1er janvier 2023, entrée en vigueur de la REP Restauration avec les coûts supplémentaires que cela suppose
Sur le principe du pollueur-payeur, la REP Restauration -prélude à la REP des déchets industriels et commerciaux prévue pour 2025- devait être mise en place au 1er janvier 2021 dixit la loi AGEC, elle a été repoussée au 1er janvier 2023 grâce à la Loi Climat et Résilience. « Ca reste un délai extrêmement court, alors que nous partons d’une page blanche », estime Frédérique Lehoux, du Geco. L’Etat a missionné l’Ademe pour dresser une photographie de l’existant -quelle est la nature, le format des déchets ? Comment sont-ils collectés, triés, traités actuellement ? Par qui ? Pour quels coûts ?. Seulement, dans une profession très atomisée et bousculée par la succession de stop and go liés à la pandémie « la collecte des données n’est pas simple »... Et les trous dans la raquette de cet état des lieux évidents. C’est quand même à partir de là que l’Ademe va élaborer un cahier des charges pour désigner un éco-organisme, chargé de définir « un tarif d'éco-contribution pour les emballages des produits qui vont dans une cuisine, et les emballages des produits remis au consommateur pour manger sur place. Il faut bien comprendre qu’on passe d’un paradigme de production linéaire à une économie circulaire qui va engendrer un coût non négligeable ; il va falloir que le consommateur prenne conscience de cet engagement et accepte de payer un surcoût » .
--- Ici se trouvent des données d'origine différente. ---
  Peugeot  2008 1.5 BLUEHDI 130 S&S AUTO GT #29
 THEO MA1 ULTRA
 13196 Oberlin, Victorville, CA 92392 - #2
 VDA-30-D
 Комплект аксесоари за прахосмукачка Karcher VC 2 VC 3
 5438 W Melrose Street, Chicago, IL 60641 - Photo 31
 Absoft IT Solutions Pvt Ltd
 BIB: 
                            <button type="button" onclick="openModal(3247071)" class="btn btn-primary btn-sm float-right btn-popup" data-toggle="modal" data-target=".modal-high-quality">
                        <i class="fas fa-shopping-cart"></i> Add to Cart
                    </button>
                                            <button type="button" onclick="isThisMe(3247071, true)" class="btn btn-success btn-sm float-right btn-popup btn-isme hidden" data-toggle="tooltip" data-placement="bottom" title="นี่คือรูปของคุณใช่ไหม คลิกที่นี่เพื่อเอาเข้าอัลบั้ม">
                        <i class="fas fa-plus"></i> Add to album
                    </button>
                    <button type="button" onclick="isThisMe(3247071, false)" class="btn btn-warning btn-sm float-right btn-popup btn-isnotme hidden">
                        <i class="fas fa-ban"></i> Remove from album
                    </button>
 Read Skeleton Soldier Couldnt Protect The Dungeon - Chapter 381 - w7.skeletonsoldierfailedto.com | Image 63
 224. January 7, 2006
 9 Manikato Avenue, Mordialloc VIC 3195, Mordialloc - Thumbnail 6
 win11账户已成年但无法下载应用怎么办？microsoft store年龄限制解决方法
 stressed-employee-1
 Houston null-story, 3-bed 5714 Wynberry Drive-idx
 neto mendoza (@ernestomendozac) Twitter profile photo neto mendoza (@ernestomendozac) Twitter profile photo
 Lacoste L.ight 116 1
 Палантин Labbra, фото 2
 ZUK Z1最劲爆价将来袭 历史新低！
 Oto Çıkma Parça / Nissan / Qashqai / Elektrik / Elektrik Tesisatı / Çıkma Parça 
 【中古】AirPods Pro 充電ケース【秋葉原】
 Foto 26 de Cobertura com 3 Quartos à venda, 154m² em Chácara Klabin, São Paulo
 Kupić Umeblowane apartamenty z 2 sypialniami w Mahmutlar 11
La RSE intègre aussi l’humain
En termes de management
Chez Pur Etc, Héloise Chalvignac a mis en place une gouvernance partagée, l’holacratie. Chaque pôle d’une entreprise classique est représenté par un cercle avec pour chacun un rôle -une raison d’être et une redevabilité auprès des autres cercles-. Par exemple, la raison d’être des achats, c’est d’acheter des produits de la meilleure qualité au meilleur prix, celui de la plonge de fournir des produits propres etc. Chacun des salariés a des missions et est somme toute son propre chef d’entreprise. « Ca fait un an que nous opérons cette transition vers un management collaboratif, horizontal. C’est long et complexe, mais ça permet d’autonomiser les salariés, de leur dire que s’ils se plaignent d’une situation, ils sont en capacité de trouver les solutions pour y pallier et ça permet davantage d’adhésion puisque nous construisons les solutions ensemble ».
En termes de transmission
C’est clairement l’axe choisi par Christian Têtedoie. Outre la création en septembre 2022 d’un CFA dédié aux métiers de la gastronomie, avec un axe RSE très important, le chef étoilé et MOF est très impliqué dans l’accompagnement des nouveaux talents. « Il y a une dizaine d’années, j’ai créé une pépinière de jeunes chefs avec le restaurant l’Arsenic ; pendant un an ou deux, dégagés de la gestion et de la communication, ils peuvent y peaufiner leur cuisine, trouver leur style, préparer un projet pour s’installer à leur compte. Ça fonctionne bien, ça se sait et donc les jeunes viennent aussi dans l’entreprise pour qu’on les prépare à ce tremplin. On a participé à plusieurs ouvertures. Je suis leur parrain auprès des banques, je m’engage à les suivre sur trois ans, ce qui leur permet d’obtenir des prêts bancaires à des taux avantageux. En parallèle, j’ai créé la CIA, une entité qui s’occupe de réaliser le projet de A à Z ; on leur met à disposition nos avocats, nos architectes etc. Eux n’ont qu’à penser à leur projet ».
Quid des déchets ?
Chez Christian Têtedoie, tous les déchets sont retraités, soit un coût estimé par le chef à 48000 €/an. « Une entreprise vient récupérer nos déchets organiques, d’autres les cartons, les cageots etc. Nous avons modifié l’éclairage du restaurant pour passer en LED basse conso, changé les robinets pour réduire la consommation d’eau, on essaie d’être exemplaire, ça signifie être assez à l’affût avec les équipes ».